Randomised controlled trial.


The community centre, Old-Aged Home and Women Workers Association, Hong Kong. Intervention: 8-session relaxation acupoint stimulation followed by acupressure with lavender oil over a 3-week period. The control group received usual care only.


Changes from baseline to the end of treatment were assessed in pain intensity (by Visual Analogue Scale) and duration; lateral fingertip-to-ground distance in centimetres; walking time and interference on daily activities.
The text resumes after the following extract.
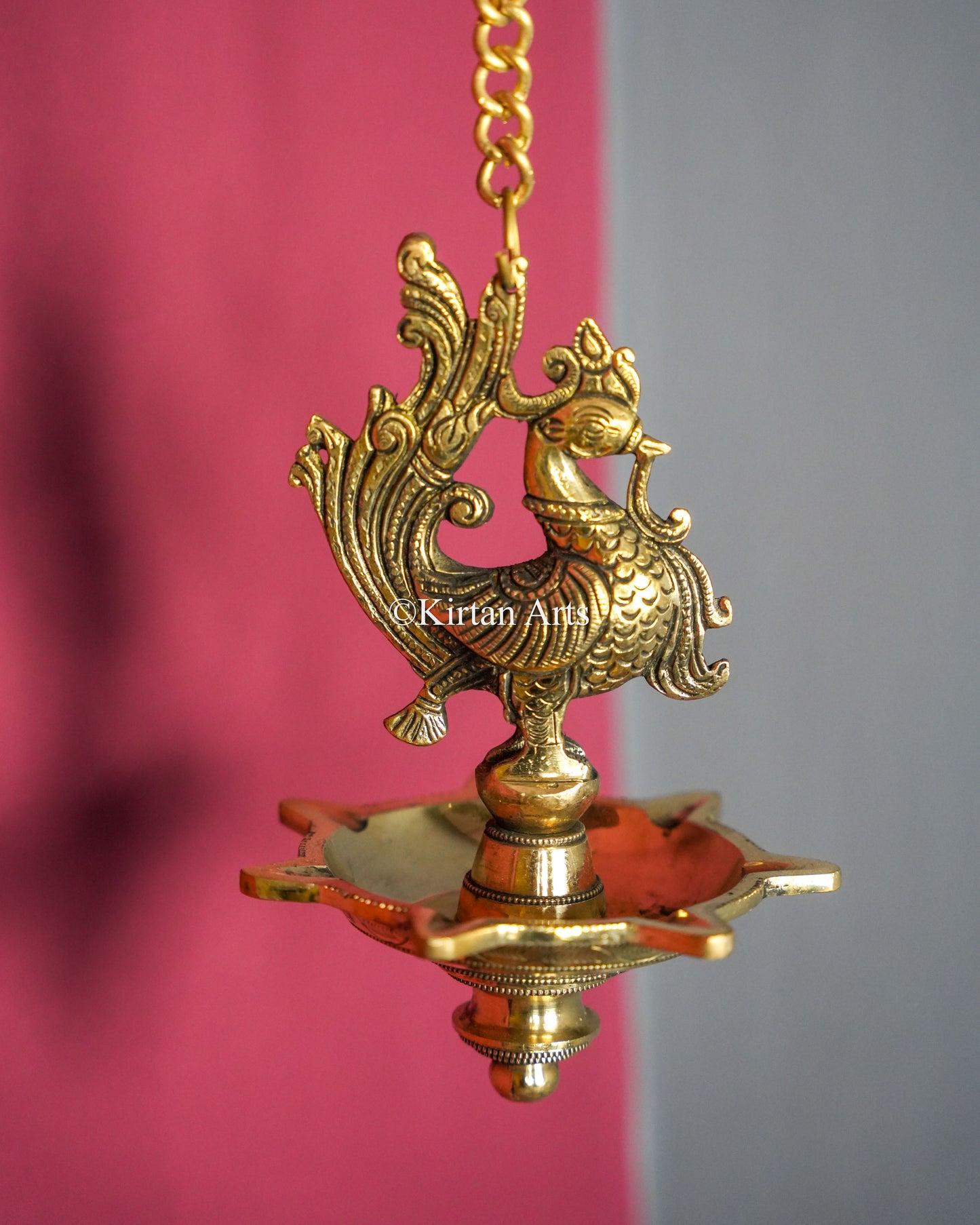 Premium Solid Brass Hanging Peacock Lamp (7 Wick) – 29-Inch Traditional Chain Diya with Carved Mayura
The baseline VAS scores for the intervention and control groups were 6.38 (S.E.M. = 0.22) and 5.70 (S.E.M. = 0.37) out of 10, respectively ( P=0.24 ). One week after the end of treatment, the intervention group had 39% greater reduction in VAS pain intensity than the control group ( P=0.0001 ), improved walking time ( P=0.05 ) and greater lateral spine flexion range ( P=0.01 ).


Our results show that 8-sessions of acupoint stimulation followed by acupressure with aromatic lavender oil were an effective method for short-term LBP relief. No adverse effects were reported. To complement mainstream medical treatment for sub-acute LBP, the combined therapy of acupoint stimulation followed by acupressure with aromatic lavender oil may be one of the choices as an add-on therapy for short-term reduction of LBP.